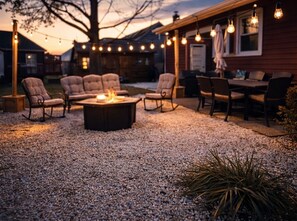 Un espace extérieur aménagé avec un foyer, des chaises et des guirlandes lumineuses.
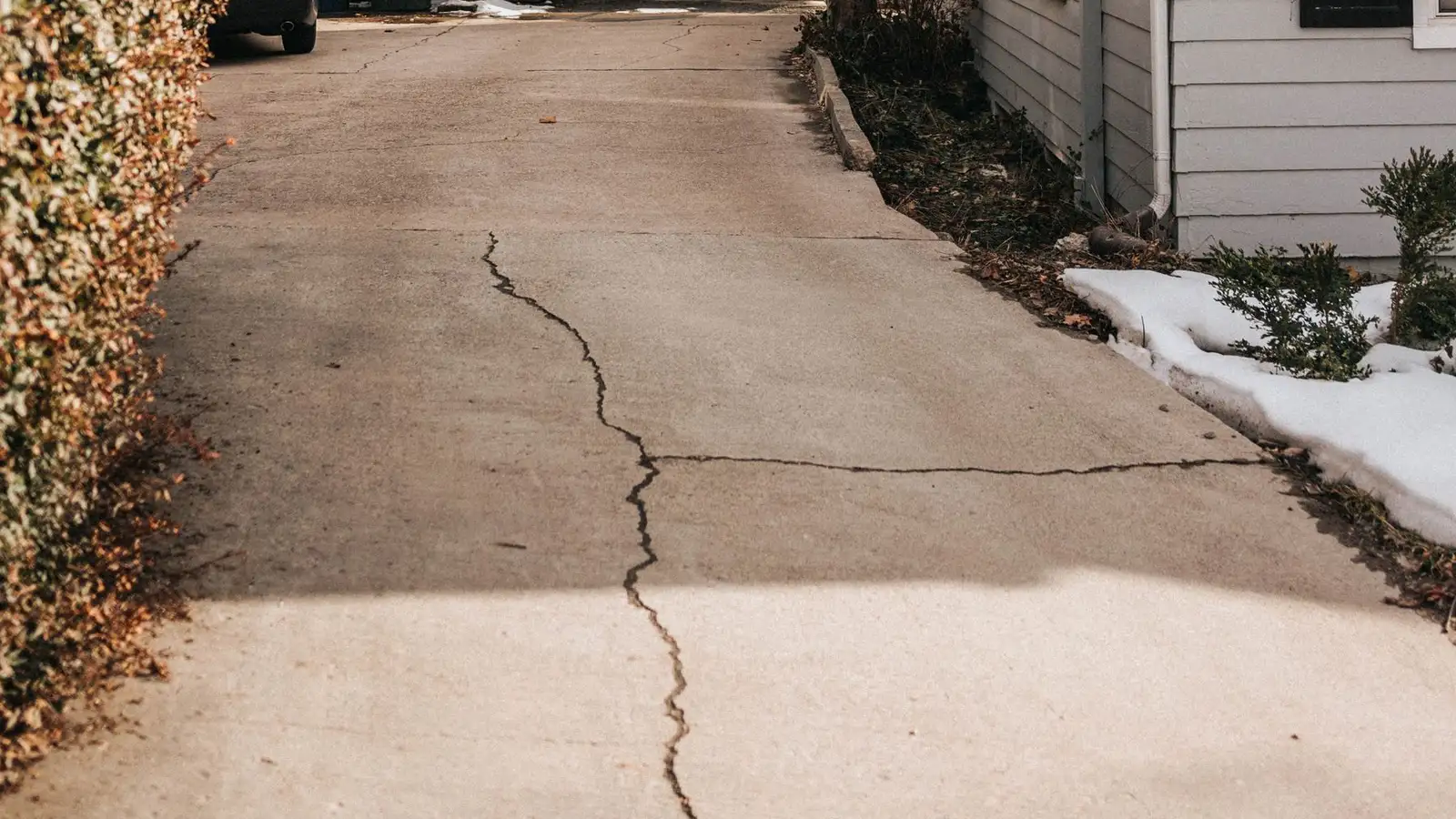 Cracked concrete driveway at a single-family home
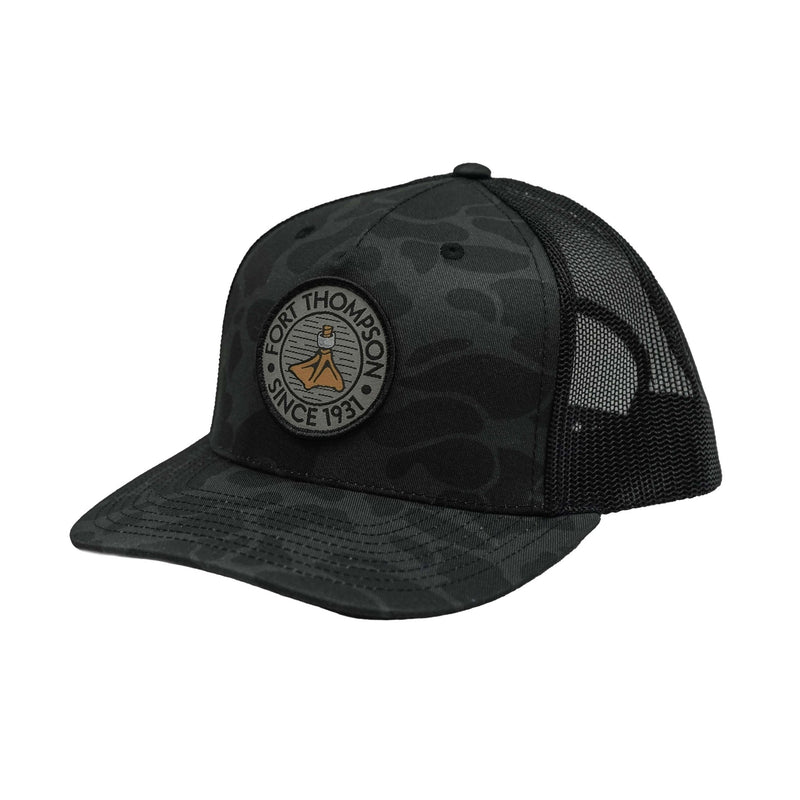 Load image into Gallery viewer, Fort Thompson Woven Patch Cap in the color Black Camo.
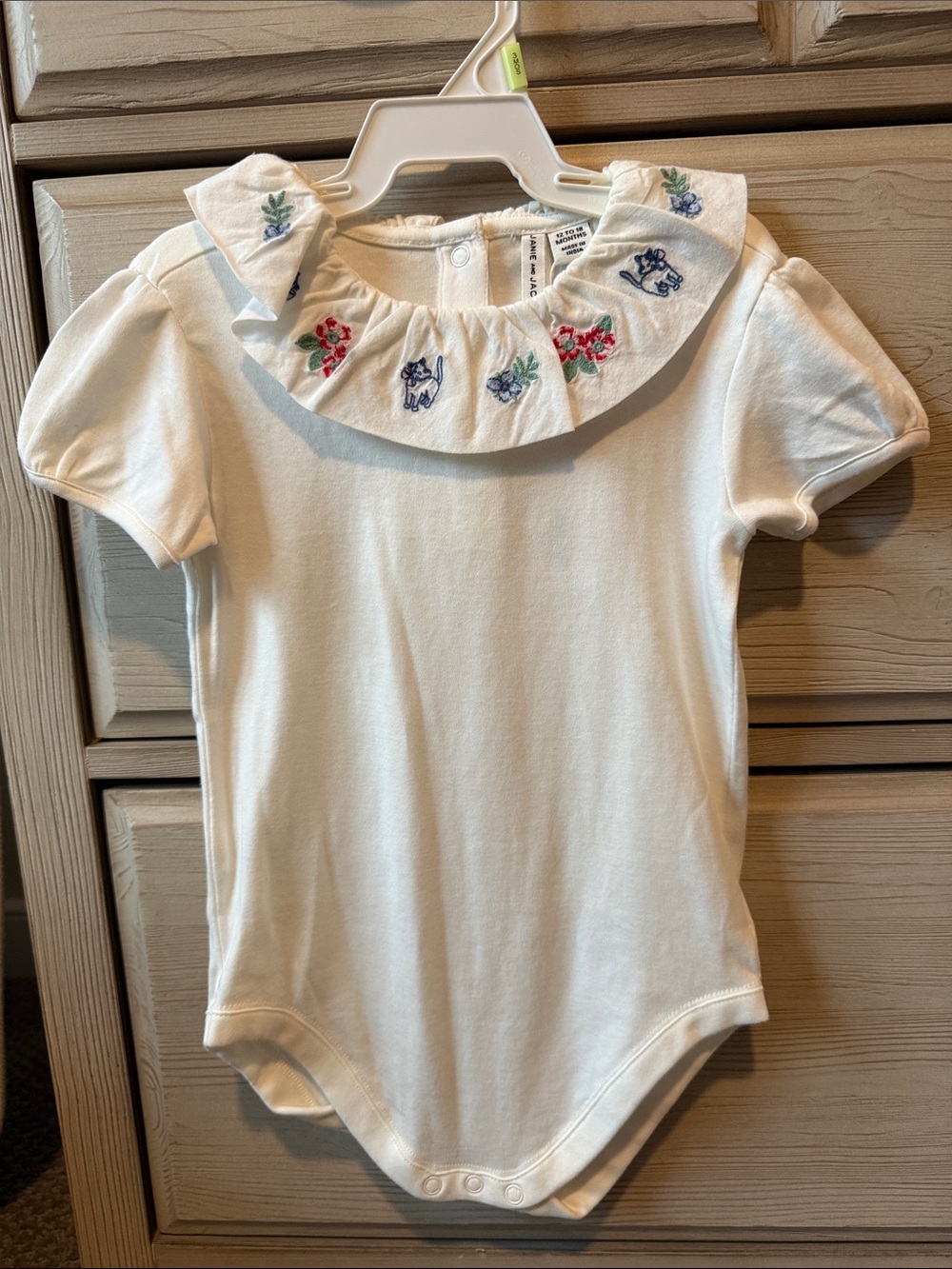 Janie and Jack White Ruffle Collar Bodysuit with Blue, Red and Green Embroidery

* _TASK REQUIREMENTS_: Once the pictures have been removed, reproduce each line of the material above exactly.

* _ANSWER BELOW_:
 Un espace extérieur aménagé avec un foyer, des chaises et des guirlandes lumineuses.
 Cracked concrete driveway at a single-family home
 Load image into Gallery viewer, Fort Thompson Woven Patch Cap in the color Black Camo.
 Janie and Jack White Ruffle Collar Bodysuit with Blue, Red and Green Embroidery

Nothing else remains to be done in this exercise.